Don't even get the sigon/signoff box that displays the messages with that set to 1


----------



## TheOutcaste (Aug 8, 2007)

Looks like you can set that using the Group Policy Editor:
Click *Start | Run* (or press *WinKey+R*).
Type *gpedit.msc*
Navigate to here:
*Local Computer Policy | Computer Configuration | Administrative Templates | System*

Set *Remove Boot / Shutdown / Logon / Logoff status messages* to *Enabled*


----------



## Rmcphail (Oct 12, 2009)

That's what I did, though now come to think of it I haven't restarted after, which it might need to take effect I guess. 
I'll give it a restart and see if it works later today, since people are working with the machine right now.

Thanks.


----------



## Rmcphail (Oct 12, 2009)

Just seen your second post, I'll try that as well.

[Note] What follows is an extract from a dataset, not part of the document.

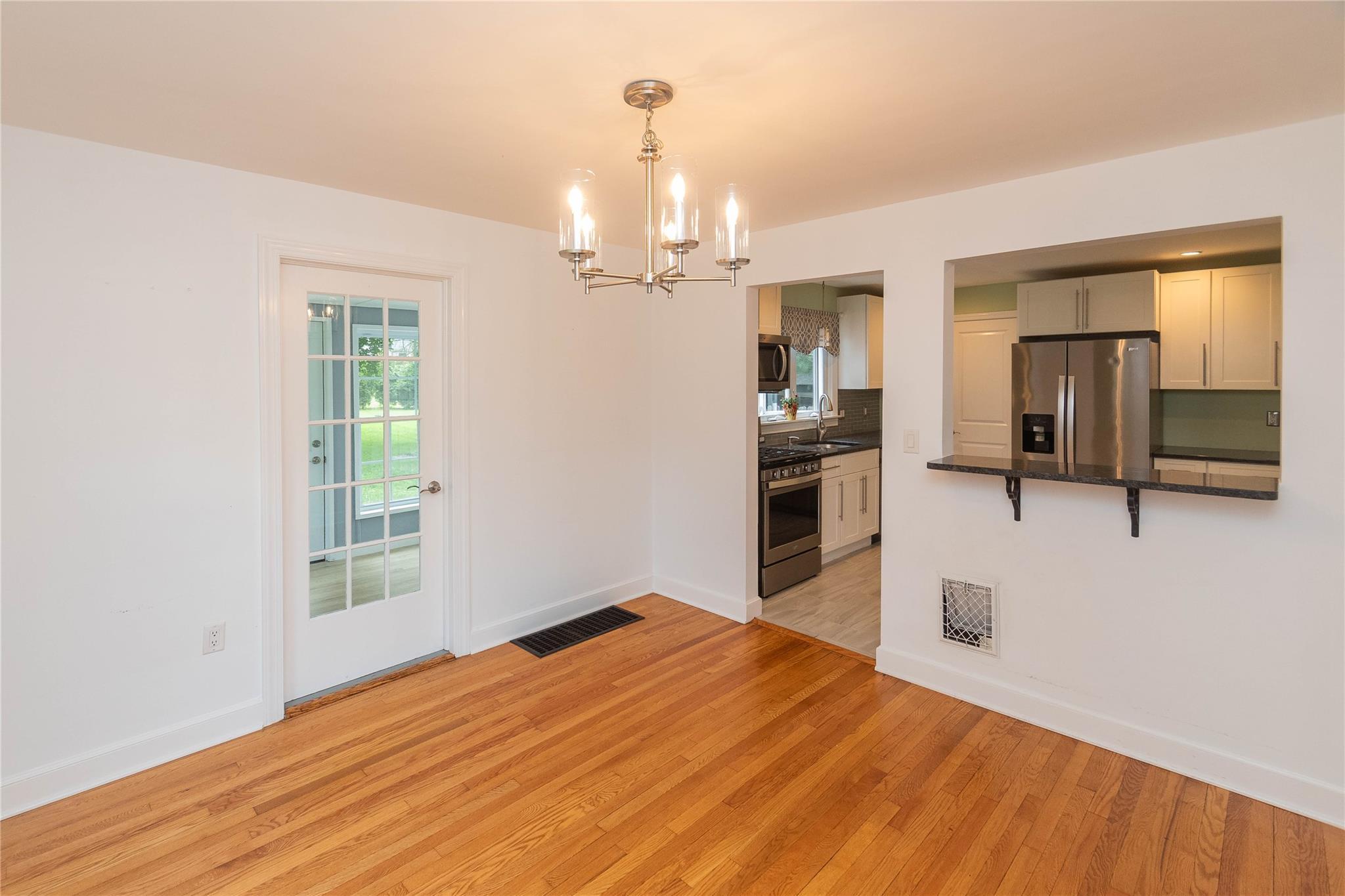 Single Family South  Orange County, NY 10990, MLS-868721-25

Edit: Same deal with the restart I'm guessing, I'll reply later today after once I can restart the machine, or I might just set a VM to check it.

Thanks again.


----------



## TheOutcaste (Aug 8, 2007)

Mine worked in 2003 without a restart, but 2008 may require it. Many times changes to the HKLM branch aren't noticed until a reboot.

Might want to double check and see if the either the Domain Security Policy or Domain Controller Security Policy enables those messages, that would take precedence over the local policy.

Hope it works. Guess I should get a 2008 VM setup to try these out...


----------